By this time Graham was being lauded in the black press for his comments about segregation. In 1958, he hired his first full-time black associate, the Rev. Harold Jones of Cleveland. A year later, segregationists would circulate 40,000 pamphlets calling on residents of Little Rock, Ark., to boycott Graham’s crusade. Tens of thousands flocked to hear him anyway. Among them was a young Sunday schooler named William Jefferson Clinton.

By this time, King would be praising Graham for refusing “to preach to any audience that is segregated.” Graham’s public statements on segregation were increasingly forceful. But the Watts riots in 1965 disrupted the progressive growth of Graham’s views. He toured the black neighborhood of Los Angeles where the violence had been centered. The devastation depressed him. Despite his admiration for King, Graham began to argue that the racial problem would not be solved by taking to the streets.

Over the next few years, as further riots erupted, Graham increasingly preached the importance of law and order, even as those became code words during Richard Nixon’s 1968 presidential campaign for slowing the pace of racial change. Although it’s unlikely Graham meant what Nixon meant, the two men became close — a closeness that would continue as the Watergate scandal unfolded.

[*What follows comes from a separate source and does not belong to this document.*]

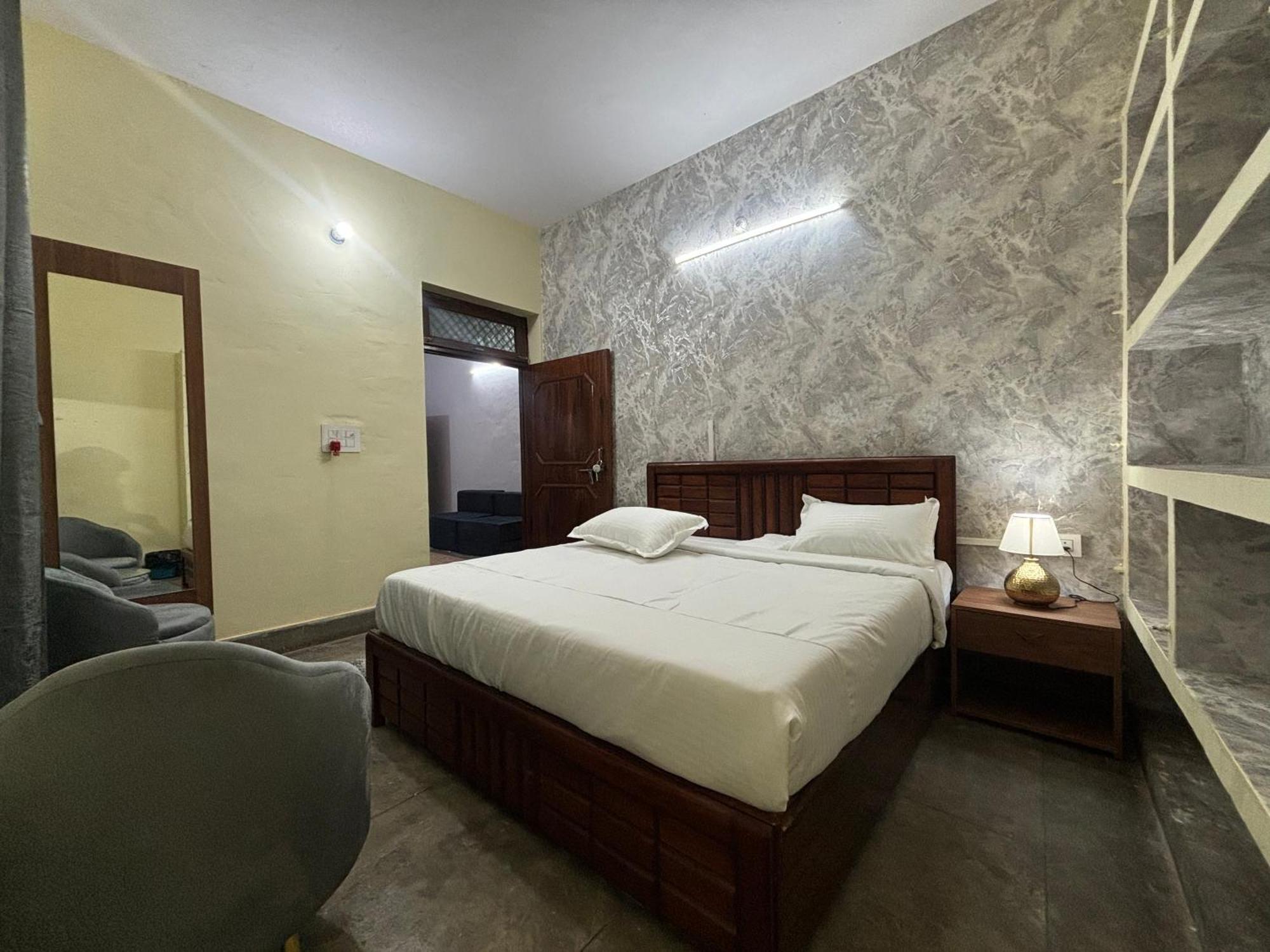Amara Homestays Allāhābād Junction Екстериор снимка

Yet Graham’s message was hardly on all fours with the administration’s policies. Preaching in Norfolk, Va., in the 1970s, Graham argued that for school desegregation to work, residential segregation would have to end. He argued further that the problem of poverty would not be solved as long as wealth was so unequally distributed. In 1973, Graham was again celebrated in the black press after he let local authorities know that he would cancel his appearance in Durban, South Africa, unless laws requiring racial separation were suspended to allow him to preach to an integrated audience. The authorities blinked. As the years went by, his preaching against racial intolerance grew sharper.

Where does this leave us on Graham and race? There’s no simple answer. His often heroic insistence on integrated audiences in the 1950s put him well ahead of his time; his uneasiness with making more than the rare public statement on segregation elsewhere made him very much a man of his time. With the benefit of hindsight, we might fairly criticize the great evangelist for taking too long to escape entirely the era in which he was raised. But precisely because of the era, what he did accomplish remains remarkable.